Railsea
Yes, they would mind. But not as much as if he were a miserable bad doctor for years.
“I think,” Sham said slowly, trying to think it through, “they wanted me to do well, maybe even get my own philosophy.”
“I thought it was just captains did that,” Dero said.
“You could be a captain from being a doctor. Although I don’t know if they thought it through that much.” What Troose & Voam knew well was that he’d had a space to be filled, Sham thought with a little ache for them.
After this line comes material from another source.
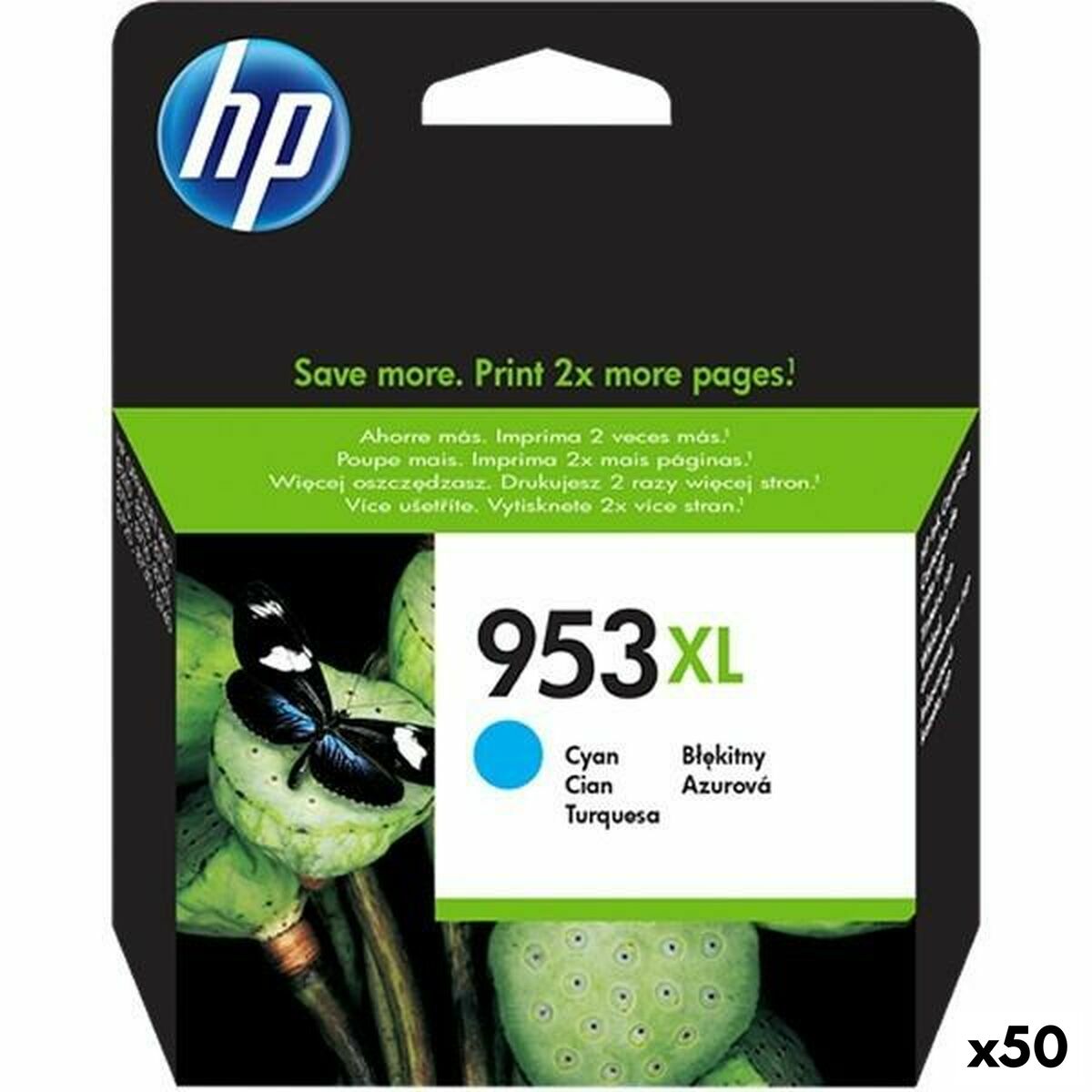 Cartouche d'encre originale HP 953XL Cyan (50 Unités)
“Dero,” said Caldera. “Go get it. Do you want to philosophise?” she said to Sham when her brother left. “Get obsessed with an animal? Give it a meaning? Make that your life?” There was nothing snide in her tone. She staggered under the load she carried. “There are places,” she said, “where rails go up off the beach into uplands.”
“Railrivers, yeah,” he said.
“Yes. Some go up the mountains. Right into the uplands.”
“& loop down again somewhere else. They all merge back into the railsea.”
“Some of them go into old dead cities up there.”
“& out again,” Sham said. Caldera looked at him.
“This is heavy,” she said. Her burden, not the story. Sham took it from her, carried it to the jetty. Where he stopped, & stared.
Something was approaching from between knolls in the railsea. The earth around it breaking with curious moles’ snouts. Here came Dero, in—well. In a train.
The engine was a snubby, tough-looking thing with a few small carriages behind it. There were glass portholes in its flanks. Daybe raced through the intervening air to investigate. The engine was armoured & chimneyless. There was no telltale exhaust at all, that Sham could see or smell. & these were not electrified rails. “How does it run?” he whispered.
Dero leaned out of the oncoming vehicle. He looked up at Daybe, who dipped in his turning & angled his wings. “Caldera,” Dero shouted.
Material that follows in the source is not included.